If there's one thing the financial services industry hates, it's adult supervision.
Last week, Rep. Jeb Hensarling, a Texas Republican who serves as chairman of the House Financial Services Committee, unveiled a plan that he said would rectify the "grave mistake" that was the 2010 Dodd-Frank Act, which tightened the regulatory screws on financial firms and created the Consumer Financial Protection Bureau as an industry watchdog.
"Dodd-Frank's false premise is that an alchemy of Wall Street greed, outsized private risk and massive Washington deregulation almost blew up the world economy," he said in a speech last week to the Economic Club of New York.
"It wasn't deregulation that caused the financial crisis," Hensarling said. "It was dumb regulation."
As for greed, he said, "When hasn't there been an element of greed on Wall Street?"
Boys will be boys, right?
Hensarling would fix things by throwing out large sections of the law.

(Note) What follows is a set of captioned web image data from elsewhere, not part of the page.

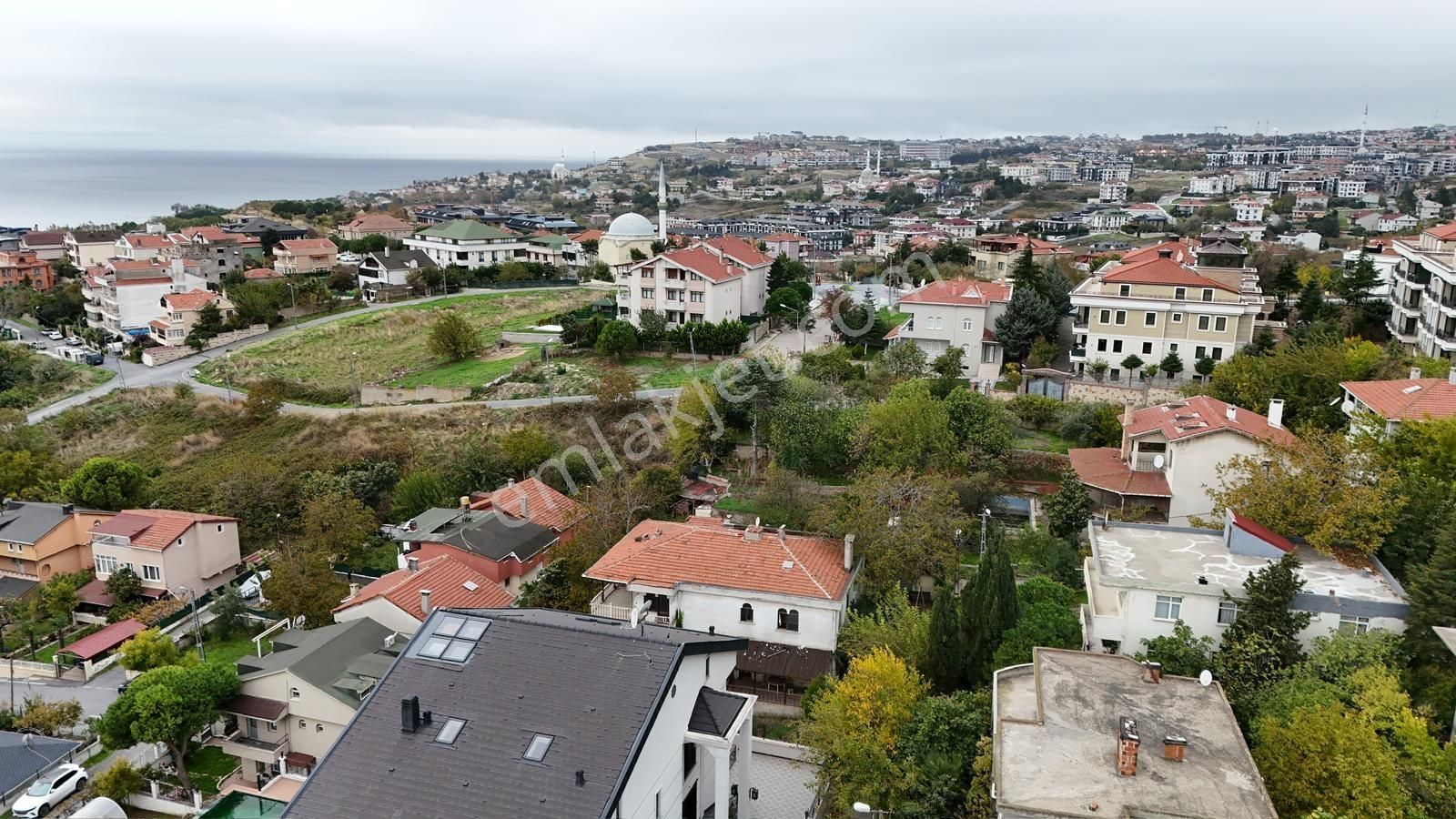 Beylikdüzü Kavaklıda 901 M² İçerisinde 3 Katlı Satılık Villa - Görsel 26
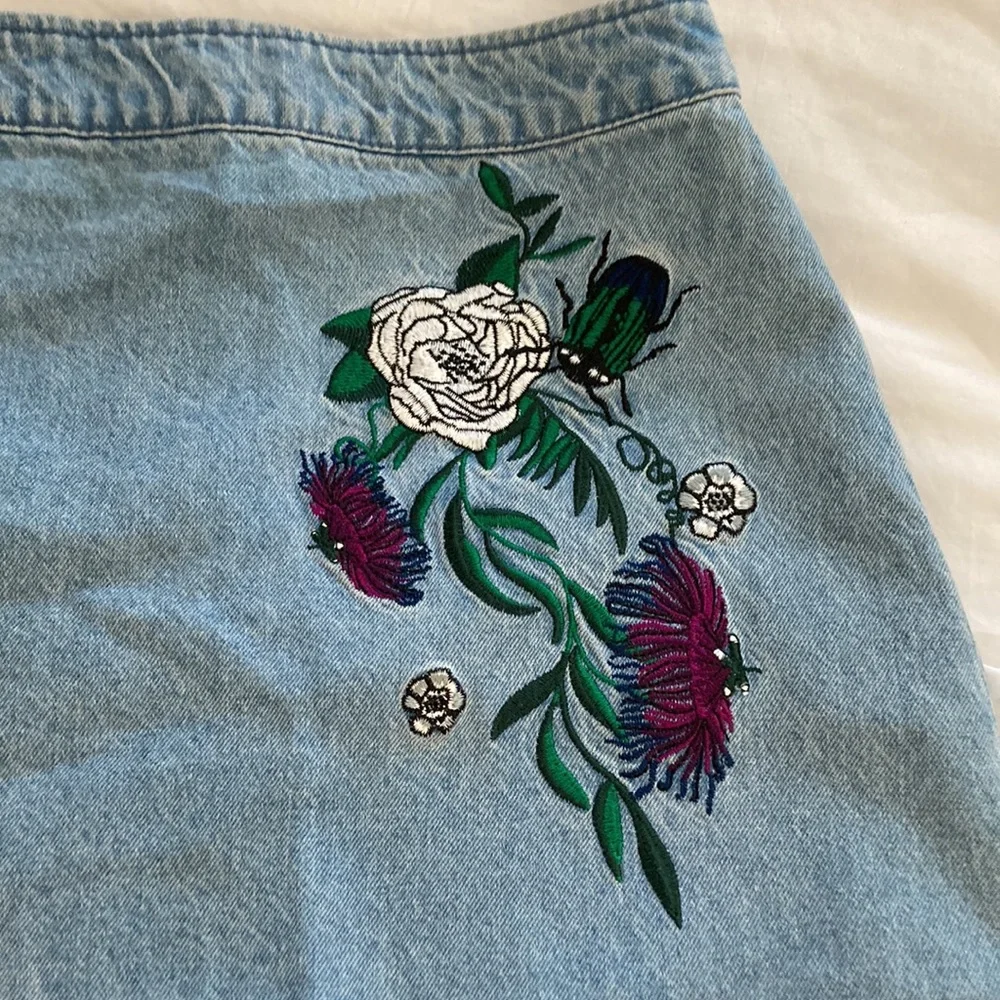 H&M Coachella official collection skirt - Picture 2 of 4
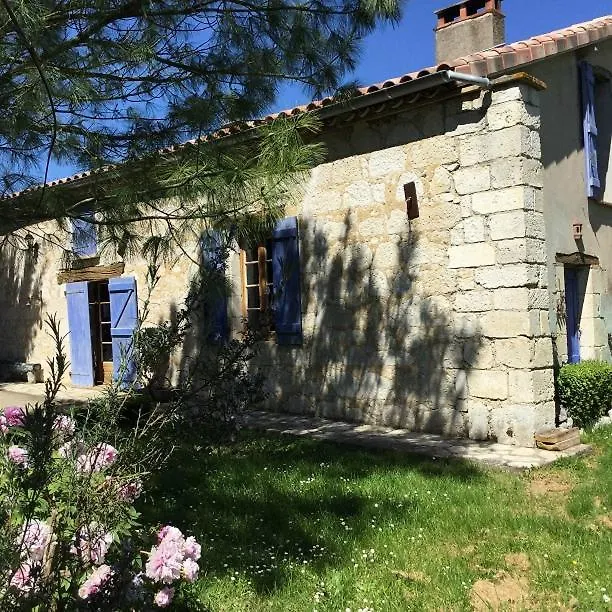 Bed & Breakfast Chambre D'Hote L'Amazone Caumont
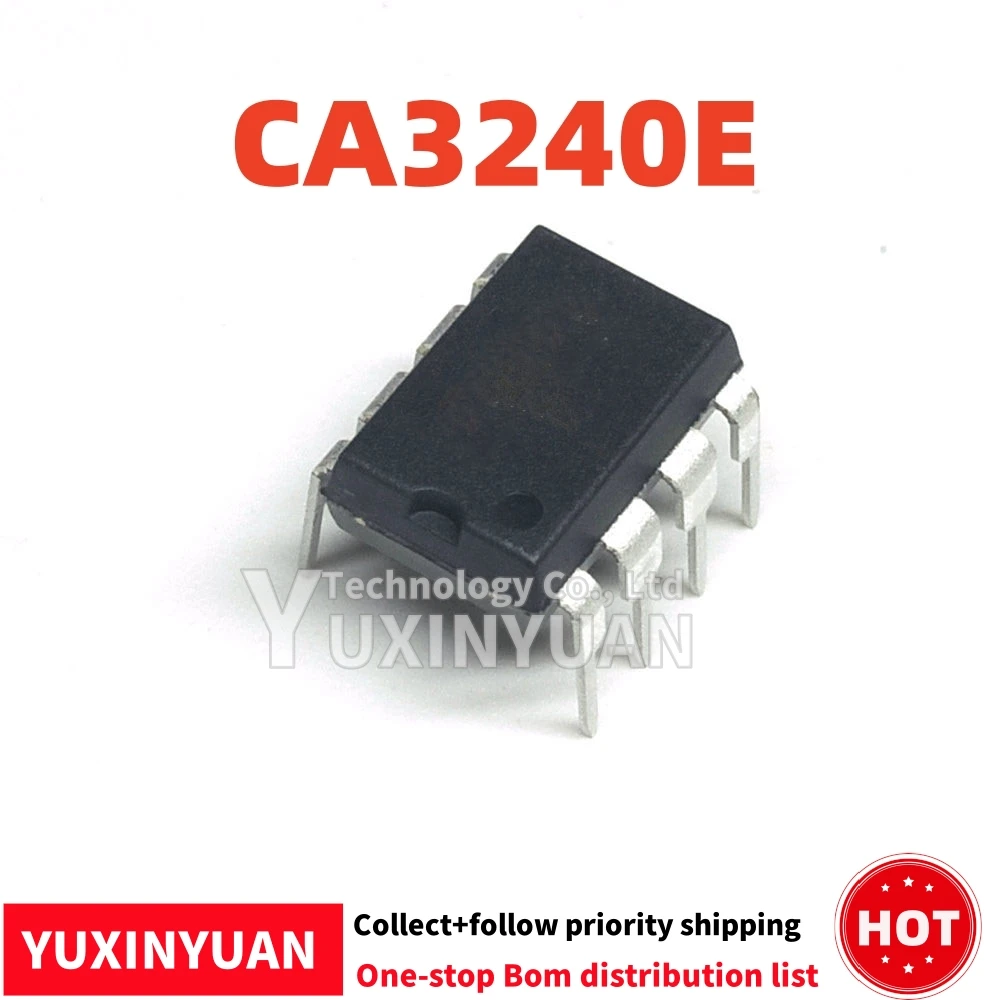 CA3240E  CA3240 DIP-8 10pcs/lot  YUXINYUAN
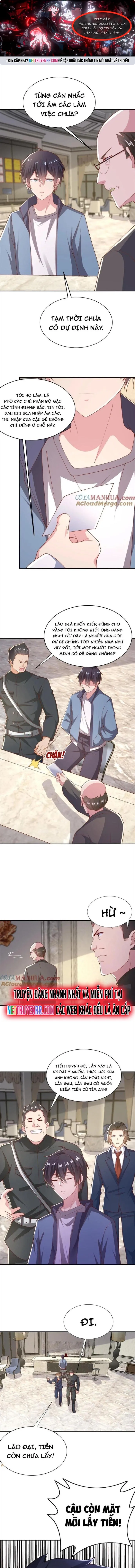 Trước Kia Có Tòa Trấn Yêu Quan Chapter 29 - Trang 2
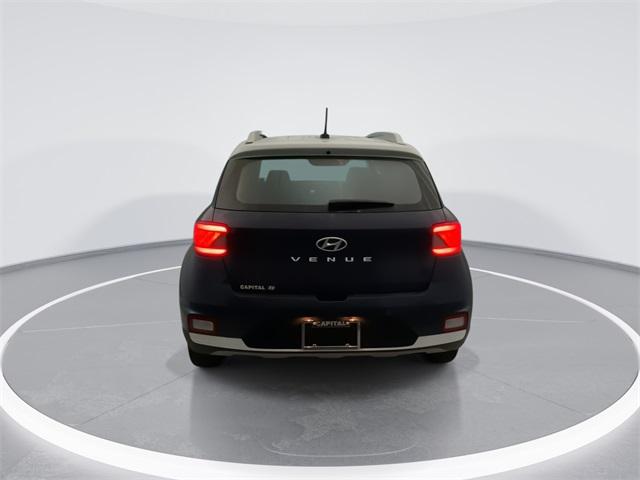 2025 Hyundai Venue Limited 2025 Hyundai Venue Limited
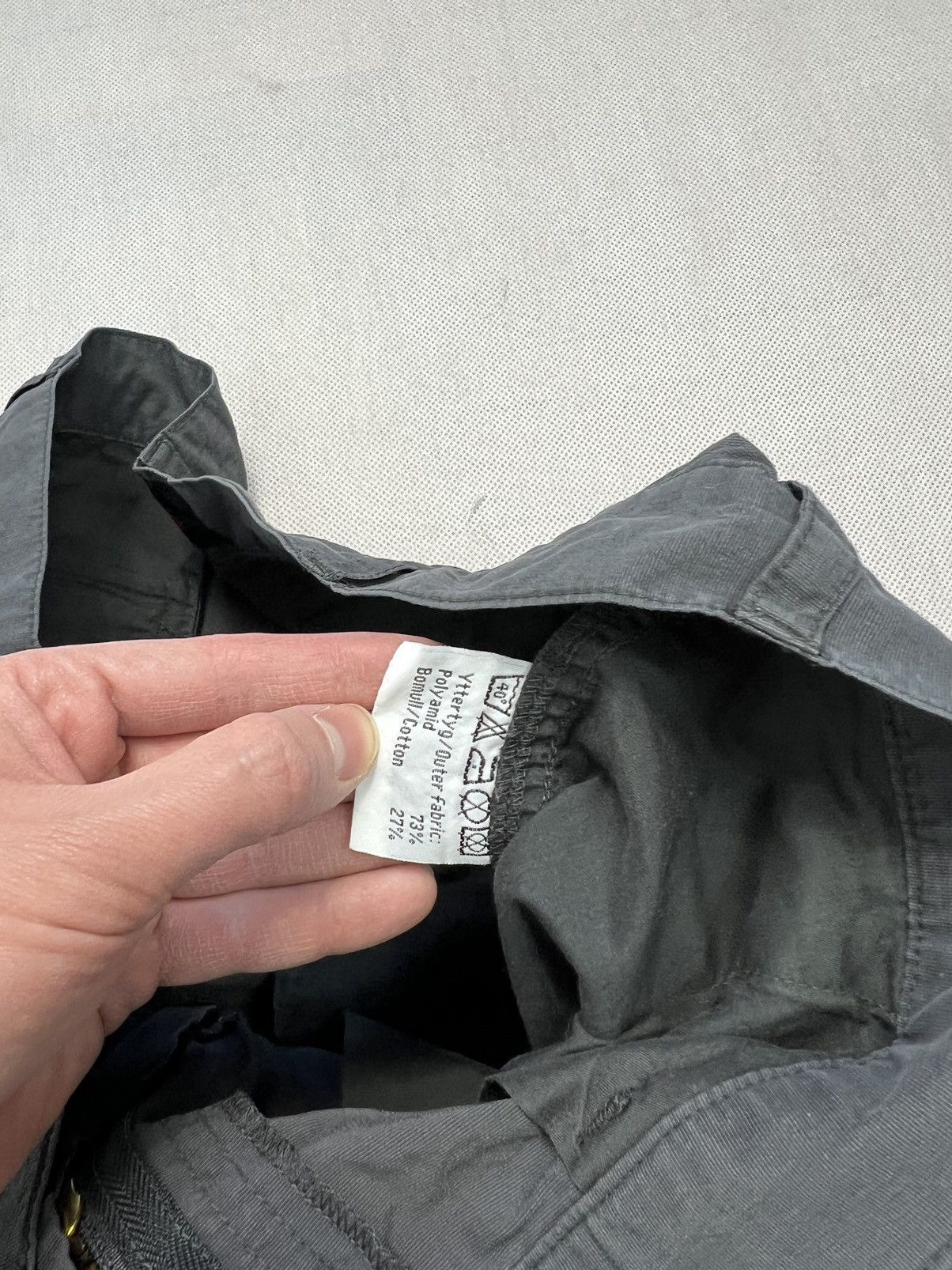 Fjallraven Cargo Shorts Fjallraven Small Logo Size US 34 / EU 50 - 2 Thumbnail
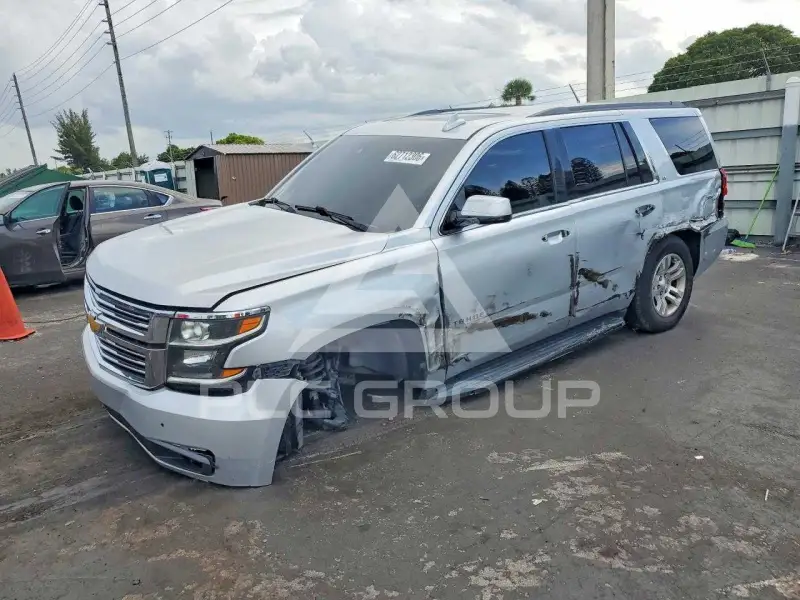 2019 Chevrolet Tahoe фото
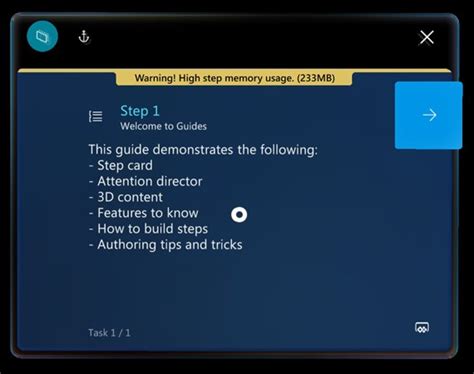 Optimize HoloLens App Performance: Addressing High Memory Usage in Dynamics 365 Guides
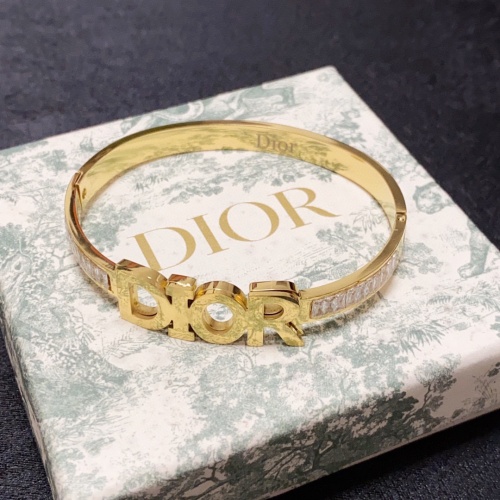 Replica Christian Dior Bracelets #1206060 $29.00 USD for Wholesale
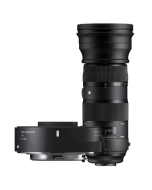 Sigma Nikon 150-600mm HSM & 1.4x Teleconverter Lens
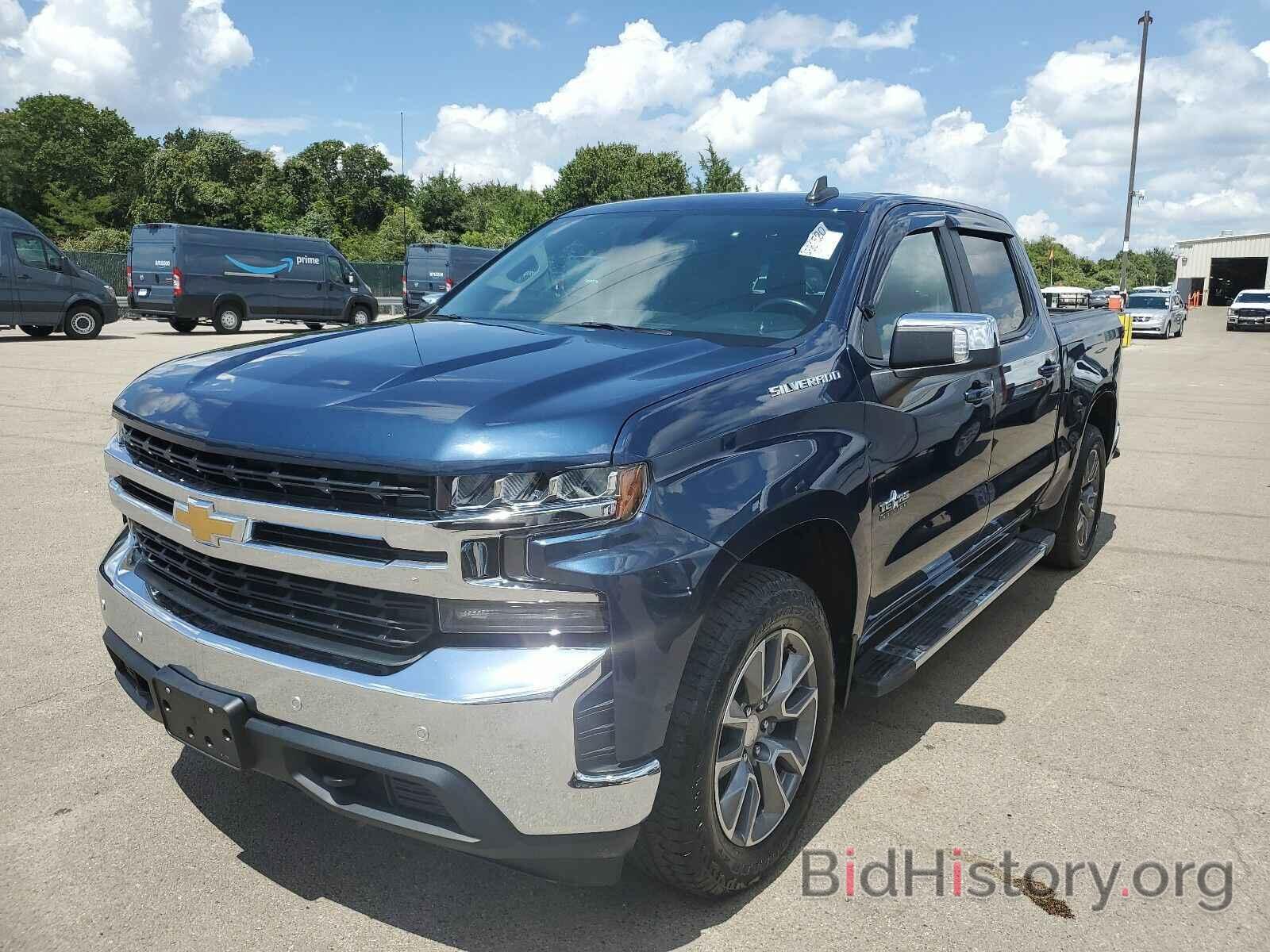 Фотография 1GCPWCED2KZ116776 - Chevrolet Silverado 1500 2019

"He'd gut Dodd-Frank and gut the Consumer Financial Protection Bureau," said Deepak Gupta, a Washington lawyer who previously worked as senior counsel for the watchdog agency. "Jeb Hensarling is a wholly owned subsidiary of the financial services industry."
Too harsh? Not when you consider that, according to the Center for Responsive Politics, Hensarling has received more than $5.5 million from financial firms and industry groups since being elected to the House in 2002. The top two contributors to his political endeavors are JPMorgan Chase ($105,000) and the American Bankers Assn. ($85,000).
In the 2014 election cycle, Hensarling was Congress' No. 1 recipient of cash from payday lenders ($68,000), which are strongly against proposed rules from the CFPB that would rein in their operations.
Hensarling's office steered me to the Financial Services Committee for a comment. Jeff Emerson, a committee spokesman, said Hensarling has opposed Dodd-Frank since its introduction and "his record has been consistent and transparent."
Hensarling's planned legislation -- the misleadingly titled Financial Choice Act -- would roll back significant portions of Dodd-Frank. Among other things, it would do away with the so-called Volcker Rule, which limits a bank's ability to use its own accounts to make risky speculative investments.
It would radically revamp the CFPB by renaming it the Consumer Financial Opportunity Commission and replacing its sole director with a five-member bipartisan commission. The commission's mandate would be not just protecting consumers but also safeguarding the well-being of financial services markets.
Hensarling's bill would make the rejiggered agency more beholden to Congress by giving lawmakers say over the agency's funding. Currently, the bureau's funds come not from Congress but from the Federal Reserve.
"Hensarling and Republicans on the House Financial Services Committee can't stand this," Gupta said. "It means they don't have control over the purse strings."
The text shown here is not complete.